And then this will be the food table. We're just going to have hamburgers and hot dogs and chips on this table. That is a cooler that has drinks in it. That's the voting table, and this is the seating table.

• • • • •

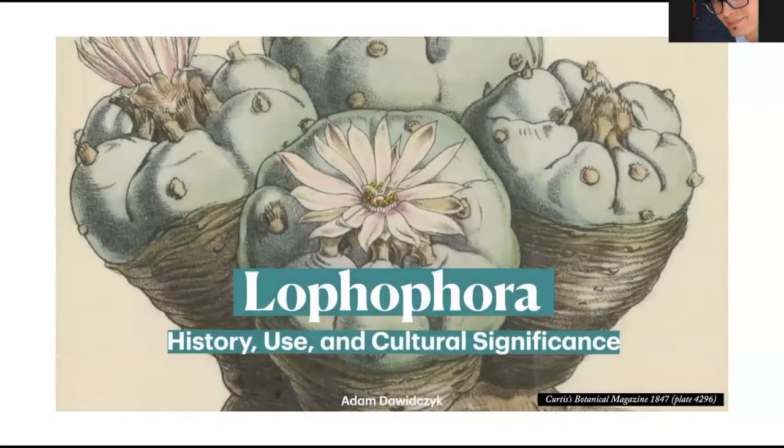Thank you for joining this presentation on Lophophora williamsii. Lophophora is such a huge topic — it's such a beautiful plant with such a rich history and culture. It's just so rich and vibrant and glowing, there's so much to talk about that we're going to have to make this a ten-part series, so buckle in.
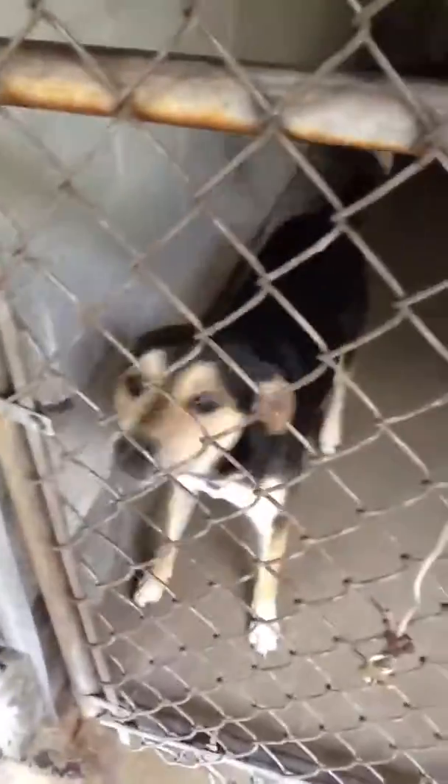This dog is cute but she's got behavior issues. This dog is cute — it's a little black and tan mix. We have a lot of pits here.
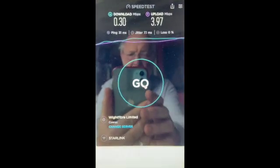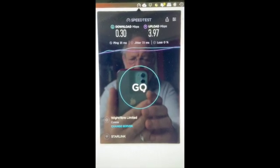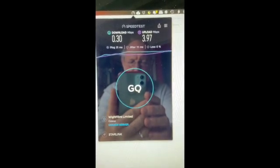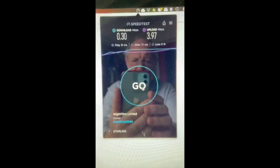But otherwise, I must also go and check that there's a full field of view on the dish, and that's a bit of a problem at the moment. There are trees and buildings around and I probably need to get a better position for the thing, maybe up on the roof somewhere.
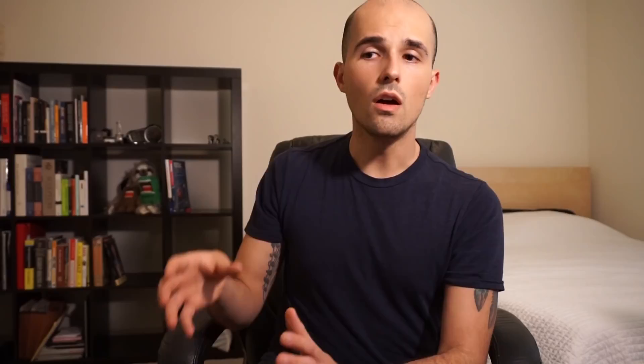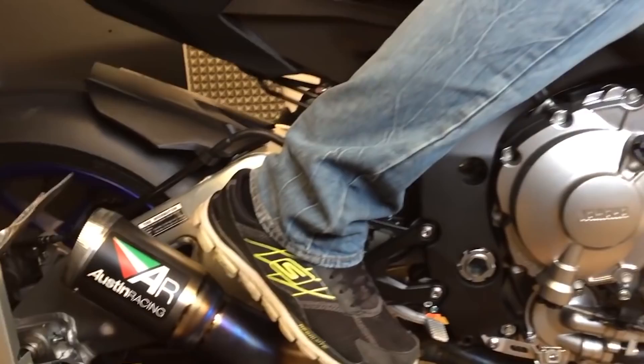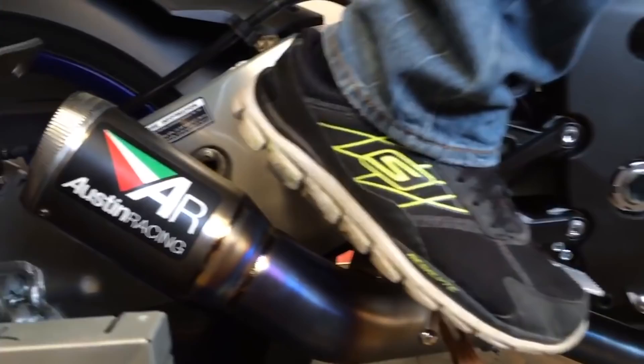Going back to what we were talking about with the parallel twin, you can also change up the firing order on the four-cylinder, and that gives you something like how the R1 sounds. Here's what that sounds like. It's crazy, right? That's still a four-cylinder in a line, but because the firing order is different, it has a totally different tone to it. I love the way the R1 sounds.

• • • • •

**WORK INSTRUCTIONS**
Transcribe, from the material above, the stretch starting at the line with "This dog is cute but" and ending at the line with "Going back to", both included, exactly. Do not carry over pictures.

**YOUR SOLUTION**
This dog is cute but she's got behavior issues. This dog is cute — it's a little black and tan mix. We have a lot of pits here.
But otherwise, I must also go and check that there's a full field of view on the dish, and that's a bit of a problem at the moment. There are trees and buildings around and I probably need to get a better position for the thing, maybe up on the roof somewhere.
Going back to what we were talking about with the parallel twin, you can also change up the firing order on the four-cylinder, and that gives you something like how the R1 sounds. Here's what that sounds like. It's crazy, right? That's still a four-cylinder in a line, but because the firing order is different, it has a totally different tone to it. I love the way the R1 sounds.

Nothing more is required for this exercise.